But I'm not the kind of person who talks like that.

Oh, wait.

In all seriousness though, I like it. I like the conservative use of dialogue, as it really makes the character seem as if he's going through an internal struggle (which he is), so it makes the character easy to connect with, until you start mentioning the parts about hearing a gun click and how a little kid, woman with a magazine, and an old man are all after him. Parts of that make me feel like he's just being paranoid. Is that the effect you were going for, or am I just interpreting things incorrectly? All in all though, it was a nice read.
iamtheprodigy iamtheprodigy - August 08, 2007 (04:44 AM)
Yeah, I thought it was going to end with him just being paranoid and none of them being after him (which I guess is still possibly correct?), but instead he just shot up the place? I was hoping for a bit more.
honestgamer honestgamer - August 08, 2007 (11:01 AM)
Yes, the point was to make him paranoid and my intended effect was to make the reader wonder if he was paranoid or if the people were really after him. The unreliable narrator, sort of. So yeah, the sum of the story is that a guy with issues got on board a bus then shot up the place and left because he believed (incorrectly) that people were after him. It was kind of trying to take a credible look inside the mind of a psycho killer.

The story came around because when I was working at a computer store, a guy came in with delusions. He thought that the government web pages all had special messages just for him. It was freaky, and he was totally on the level. Said people were spying on him, tracking him, etc. So this story just took that a little bit further.
overdrive overdrive - August 08, 2007 (01:37 PM)
I like stories where people die. People died here. Therefore, I liked it.

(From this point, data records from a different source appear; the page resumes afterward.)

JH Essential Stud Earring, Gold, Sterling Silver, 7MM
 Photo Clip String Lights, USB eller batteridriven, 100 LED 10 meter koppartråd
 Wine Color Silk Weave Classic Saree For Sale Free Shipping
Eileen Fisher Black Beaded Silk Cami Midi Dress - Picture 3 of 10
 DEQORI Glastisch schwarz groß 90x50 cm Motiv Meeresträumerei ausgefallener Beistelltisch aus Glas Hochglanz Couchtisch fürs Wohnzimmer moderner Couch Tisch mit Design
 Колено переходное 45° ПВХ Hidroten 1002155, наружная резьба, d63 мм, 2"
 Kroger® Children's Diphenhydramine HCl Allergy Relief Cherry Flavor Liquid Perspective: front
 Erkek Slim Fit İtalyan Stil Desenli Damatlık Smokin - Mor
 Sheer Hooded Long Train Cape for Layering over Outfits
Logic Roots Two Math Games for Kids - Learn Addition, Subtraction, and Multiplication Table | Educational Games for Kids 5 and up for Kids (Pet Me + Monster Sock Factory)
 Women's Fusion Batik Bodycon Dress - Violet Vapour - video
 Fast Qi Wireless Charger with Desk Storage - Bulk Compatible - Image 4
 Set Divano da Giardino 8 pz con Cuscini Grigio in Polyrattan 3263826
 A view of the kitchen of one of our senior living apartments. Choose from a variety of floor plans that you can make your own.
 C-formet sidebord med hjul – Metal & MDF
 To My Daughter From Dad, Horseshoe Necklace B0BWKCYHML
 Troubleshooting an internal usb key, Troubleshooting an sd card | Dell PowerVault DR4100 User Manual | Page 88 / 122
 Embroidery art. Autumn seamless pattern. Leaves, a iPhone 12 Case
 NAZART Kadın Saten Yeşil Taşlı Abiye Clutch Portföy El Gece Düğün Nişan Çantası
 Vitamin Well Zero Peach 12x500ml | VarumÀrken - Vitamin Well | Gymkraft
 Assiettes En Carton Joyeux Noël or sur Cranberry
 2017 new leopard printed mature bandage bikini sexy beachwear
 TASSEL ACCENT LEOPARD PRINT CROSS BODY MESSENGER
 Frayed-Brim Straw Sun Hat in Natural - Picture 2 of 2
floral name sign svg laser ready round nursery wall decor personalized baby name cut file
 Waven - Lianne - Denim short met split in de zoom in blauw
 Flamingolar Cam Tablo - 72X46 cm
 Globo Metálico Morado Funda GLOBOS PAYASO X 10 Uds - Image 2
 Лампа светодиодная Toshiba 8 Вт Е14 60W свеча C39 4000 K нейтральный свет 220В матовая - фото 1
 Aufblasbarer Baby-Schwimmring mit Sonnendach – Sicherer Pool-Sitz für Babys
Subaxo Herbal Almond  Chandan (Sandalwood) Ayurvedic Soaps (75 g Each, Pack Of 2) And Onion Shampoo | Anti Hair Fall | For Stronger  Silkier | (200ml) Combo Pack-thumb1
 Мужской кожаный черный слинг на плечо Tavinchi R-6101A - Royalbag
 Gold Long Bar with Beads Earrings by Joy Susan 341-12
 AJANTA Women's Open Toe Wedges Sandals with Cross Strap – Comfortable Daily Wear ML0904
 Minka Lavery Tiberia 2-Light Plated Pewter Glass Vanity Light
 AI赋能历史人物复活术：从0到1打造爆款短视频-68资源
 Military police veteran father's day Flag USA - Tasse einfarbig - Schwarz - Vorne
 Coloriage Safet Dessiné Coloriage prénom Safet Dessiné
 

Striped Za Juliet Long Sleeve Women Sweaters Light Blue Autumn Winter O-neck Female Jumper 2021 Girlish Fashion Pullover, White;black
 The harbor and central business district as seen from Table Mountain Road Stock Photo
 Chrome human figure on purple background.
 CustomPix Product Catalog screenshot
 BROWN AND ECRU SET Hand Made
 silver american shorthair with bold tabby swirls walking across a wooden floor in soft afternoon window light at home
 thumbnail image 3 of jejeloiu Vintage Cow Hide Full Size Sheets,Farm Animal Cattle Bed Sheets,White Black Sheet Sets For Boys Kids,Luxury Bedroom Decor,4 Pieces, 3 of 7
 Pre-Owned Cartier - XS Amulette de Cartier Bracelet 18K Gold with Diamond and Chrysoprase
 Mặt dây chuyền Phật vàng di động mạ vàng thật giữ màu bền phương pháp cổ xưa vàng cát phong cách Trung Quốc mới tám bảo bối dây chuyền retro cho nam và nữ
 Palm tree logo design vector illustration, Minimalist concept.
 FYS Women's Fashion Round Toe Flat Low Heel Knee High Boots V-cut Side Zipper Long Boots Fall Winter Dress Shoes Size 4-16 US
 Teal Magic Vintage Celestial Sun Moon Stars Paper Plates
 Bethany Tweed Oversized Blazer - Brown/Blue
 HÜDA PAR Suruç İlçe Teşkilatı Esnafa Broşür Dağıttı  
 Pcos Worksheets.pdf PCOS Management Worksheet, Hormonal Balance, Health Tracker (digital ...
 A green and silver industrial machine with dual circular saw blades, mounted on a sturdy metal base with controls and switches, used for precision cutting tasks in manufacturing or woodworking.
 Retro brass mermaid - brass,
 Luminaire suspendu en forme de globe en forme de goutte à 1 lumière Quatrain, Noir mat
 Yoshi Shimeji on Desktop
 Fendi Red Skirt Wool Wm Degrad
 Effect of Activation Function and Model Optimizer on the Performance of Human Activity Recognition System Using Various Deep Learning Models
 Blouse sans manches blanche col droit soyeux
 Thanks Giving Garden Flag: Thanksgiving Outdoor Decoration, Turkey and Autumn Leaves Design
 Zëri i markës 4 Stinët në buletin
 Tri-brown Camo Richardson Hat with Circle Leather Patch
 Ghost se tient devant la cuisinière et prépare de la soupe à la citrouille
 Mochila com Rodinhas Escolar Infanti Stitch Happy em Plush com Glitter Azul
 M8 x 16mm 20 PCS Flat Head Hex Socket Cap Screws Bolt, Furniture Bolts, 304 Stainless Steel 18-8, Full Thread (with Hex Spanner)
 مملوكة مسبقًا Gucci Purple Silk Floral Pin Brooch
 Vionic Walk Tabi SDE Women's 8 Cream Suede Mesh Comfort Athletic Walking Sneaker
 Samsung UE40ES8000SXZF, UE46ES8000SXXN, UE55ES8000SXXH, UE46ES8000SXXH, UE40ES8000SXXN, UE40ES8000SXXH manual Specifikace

Overall, I liked it. Pretty entertaining read from the viewpoint of a delusional psycho. In fact, you might have done just a little too well in portraying a character of this type. Maybe you should just fess up and mention this is one chapter of your autobiography. You live close enough to Canada....
wayne_steed wayne_steed - August 10, 2007 (06:27 AM)
Awesome. Just replace "James" with "Max Payne" and you've got a prime fan fiction, right there.